'Val! Val!'
And yet there was something about the girl that was not a grief but a grace. Her breath, quick and sweet, was like a whisper of warm wind in my ear. In it was all the hope and immense goodness of life. It poured out of her depths like a fountain of fire that connected both of us to the luminous exhalations of the stars. In the face of such a strong and beautiful will to live, how could I ever lose my own strength and let us fall? And so there, beneath the black vault of the heavens, for many moments that seemed to have no end, we hung suspended in space like two tiny particles of light.
As promised, when we reached the window Maram grabbed onto us, and he and the others helped us back into the room. The girl stood facing me as we regarded each other in triumph. Then she cast a long look at her murdered friends in the corner of the room. She burst into tears, and buried her face against my chest. I wrapped one arm around her back as I covered her eyes with my other hand, and I began weeping, too.
Master Juwain touched my shoulder and said, 'Val, this is no place to linger.'
I nodded my head. I was now trembling as badly as the girl. I looked down at her and asked, 'What is your name?'
But she didn't answer me. She just stood there looking at me with her sad, beautiful eyes. One of the guards came up to me as I was buckling on my sword.
He said, 'It seems that the Red Priests' servants were all mute Lord Valashu.'
'No doubt so that they couldn't tell of their masters' filthy crimes' Maram added.
I bit my lip, then asked the girl, 'Was it Salmelu — Igasho — who did all this?'
The sudden dread that seized her heart told me that it was.
'Do you know if Salmelu kept company with a ghul? Might he have secreted such a man in the castle to steal the Lightstone?' But in answer, she only shrugged her shoulders.
'Come, Val,' Master Juwain said to me again.
I started moving the girl toward the door, but then stopped suddenly. I said to her, 'Your name is Estrella, isn't it?'
She smiled brightly at me, and nodded her head.
'I must ask you something.' I bent over and whispered in her ear, 'Do you know who the Maitreya is? Is it I?'
It seemed a senseless thing to ask a nine-year-old slave girl who could not even speak. And she looked at me with her dark, almond eyes as if my words indeed made no sense.
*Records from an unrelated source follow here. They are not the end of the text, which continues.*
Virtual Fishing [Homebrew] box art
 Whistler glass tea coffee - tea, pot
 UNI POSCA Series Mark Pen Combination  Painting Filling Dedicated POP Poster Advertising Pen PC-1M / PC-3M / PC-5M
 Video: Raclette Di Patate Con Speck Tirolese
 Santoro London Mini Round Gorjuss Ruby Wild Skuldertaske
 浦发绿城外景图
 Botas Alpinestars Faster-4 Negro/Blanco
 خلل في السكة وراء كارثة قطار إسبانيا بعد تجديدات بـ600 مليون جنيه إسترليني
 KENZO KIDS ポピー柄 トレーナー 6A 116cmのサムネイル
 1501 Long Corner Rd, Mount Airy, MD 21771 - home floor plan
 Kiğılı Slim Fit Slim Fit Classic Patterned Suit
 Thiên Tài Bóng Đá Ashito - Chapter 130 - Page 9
Master Juwain cast me a sharp look as if to ask me why I still doubted what was almost certainly proven. And I said to him, 'I must know, sir.'
'Very well, but do you have to know it right now?'
The sight of the murdered girls was like a poisoned knife cutting open my belly. Around my neck I felt an invisible noose, fashioned by Morjin, inexorably tightening. My whole being burned with the desire to have answered a single question.
'There's so little time,' I said to him. Will you come with me, now, sir, to see what wisdom your gelstei might hold?'
Master Juwain nodded his assent, and so I went out into the hall. The guards remained behind to wait for those who would prepare the dead girls for burial. I did not know what to do with Estrella. When I mentioned giving her over to the care of a nurse, she threw her arms around my waist and would not let go until I promised not to leave her.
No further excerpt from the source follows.